Выбрать главу

Между тем относительно мирные 20-е годы подходили к концу; в Америке в 1929 году разразилась финансовая катастрофа, а несколько позднее Гитлер и нацисты пришли к власти. Мы следили за их возвышением с возрастающим ужасом. После того как Гитлер стал рейхсканцлером, мы поняли, что надежды нет. И действительно, скоро наступил день, когда я нашёл своё имя в газетах в списке уволенных по расовым мотивам. Мы покинули Германию (май 1933 г.), образовав первую эмигрантскую ячейку в итальянском южном Тироле. Весна в Доломитовых Альпах была так прекрасна, что мы почти забыли о невзгодах и неустроенности нашего быта.

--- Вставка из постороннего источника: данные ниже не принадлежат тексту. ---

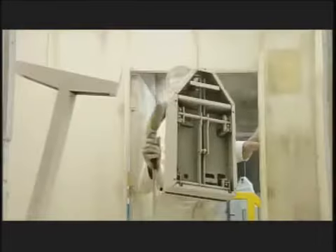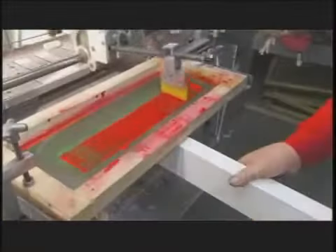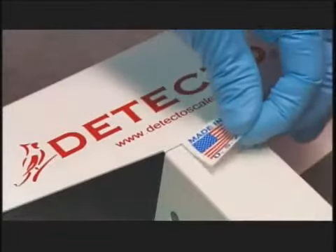The columns receive a coat of electrostatically charged paint that evenly coats the metal for a flawless finish. Once it's dry, the machine silk screens the brand name onto the column.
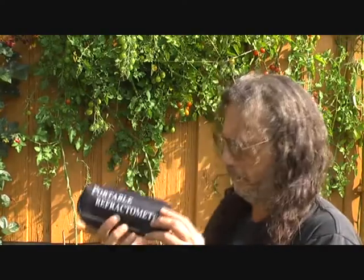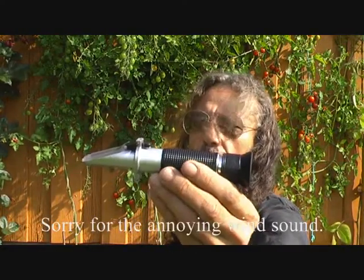All my friends around here tasted all the tomatoes and they say the same — that plant on the left is much sweeter than the others. So I bought a refractometer like this. You use it for measuring how much sugar and minerals there is in the solution, and I tried to measure the Brix in that plant on the left.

Очень скоро стали приходить приглашения из разных стран, и среди них в Кембридж (Англия), которое я принял, так как знал страну и язык.

И снова несчастье обернулось благодатью. Ибо ничто так не действует благотворно и освежающе на человека, как резкая перемена обстановки. Даже моя жена, которой изгнание причинило гораздо большие страдания, позднее считала вынужденную эмиграцию благом. Но это справедливо для людей, имеющих международные связи. Многие родственники и мои друзья были замучены в концентрационных лагерях или покончили с собой. Мы с женой потратили много времени в Кембридже, пытаясь помочь людям эмигрировать. В Кембридже нам оказали очень дружественный приём. Помимо моего старого колледжа Гонвилля и Каюса, я был прикреплён к колледжу св. Джона, членом которого был Дирак. Университет присвоил мне степень магистра искусств (M. A.) и должность стоксовского лектора.

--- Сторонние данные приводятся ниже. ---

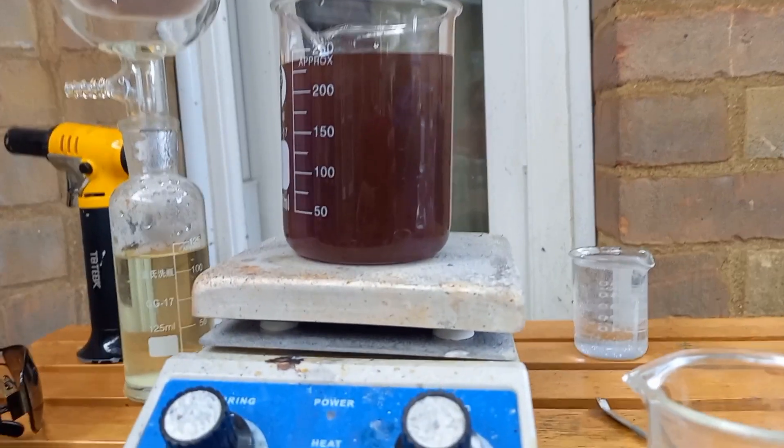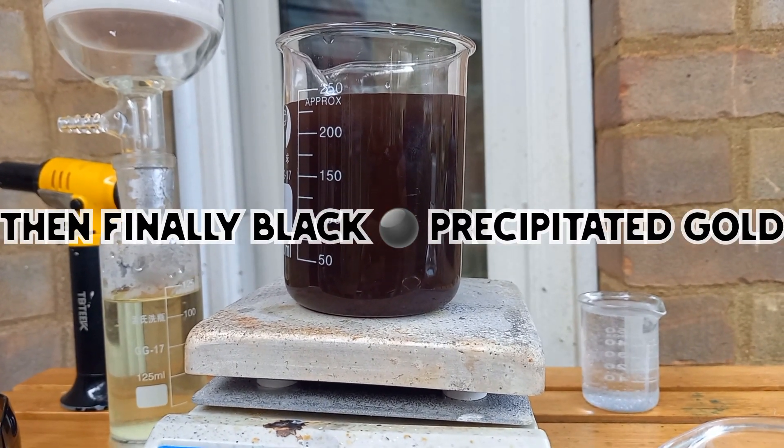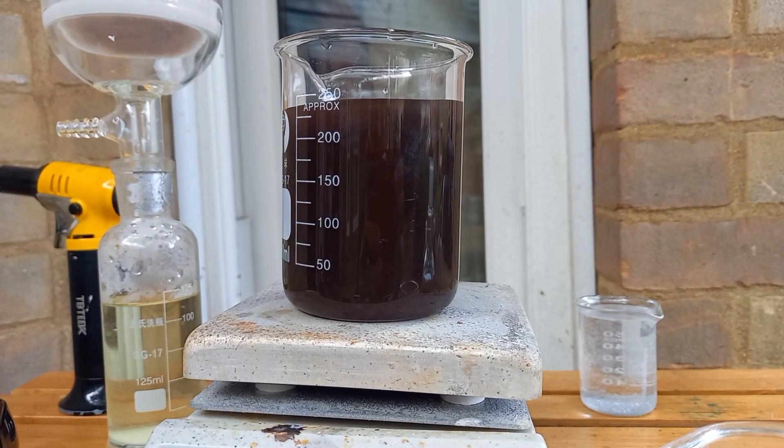Oh, look at that purple. Are you fucking real, man? Come on.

Пребывание в Кавендишской лаборатории рядом с Резерфордом, Вильсоном, Астоном, Чедвиком, Фоулером, Олифантом, Кокрофтом и многими другими первоклассными физиками было чрезвычайно поучительно.

Я работал и читал лекции, связанные с идеей, которая пришла мне на ум в моём уединении в Доломитах, а именно с нелинейной модификацией теории электромагнитного поля, в котором собственная энергия (электромагнитная масса) точечного заряда была конечной. Это могло быть открыто и двадцать лет назад, и тогда это вызвало бы сенсацию, но могло бы также направить теоретические исследования по неправильному пути, уводящему от квантовой теории. Над этой идеей я работал совместно с Леопольдом Инфельдом (из Польши). Созданная нами так называемая теория Борна — Инфельда оказалась несостоятельной из-за невозможности согласования её с квантовой теорией. В течение этого кембриджского периода я издал учебник по атомной физике[9], седьмое издание которого вышло теперь, и научно-популярную книгу под названием «Беспокойная Вселенная»[10].

Когда в 1936 году срок, на который я был приглашён в Кембридж, окончился, я получил приглашение от сэра К. Рамана, возглавлявшего Индийский институт науки в Бангалуре. Я принял его и провёл с женой в Индии полгода. Это было очень интересно, но о научных результатах поездки сказать нечего.

После нашего возвращения в Кембридж я получил письмо от Петра Капицы, который предлагал мне хорошие условия в Москве. Мы серьёзно обсуждали это предложение, но вскоре мой старый друг Чарлз Галтон Дарвин, профессор натуральной философии (что по-шотландски означает физику) в Эдинбурге, написал мне, что он уходит со своего поста, чтобы принять колледж в Кембридже, и направляет мне приглашение университета стать его преемником.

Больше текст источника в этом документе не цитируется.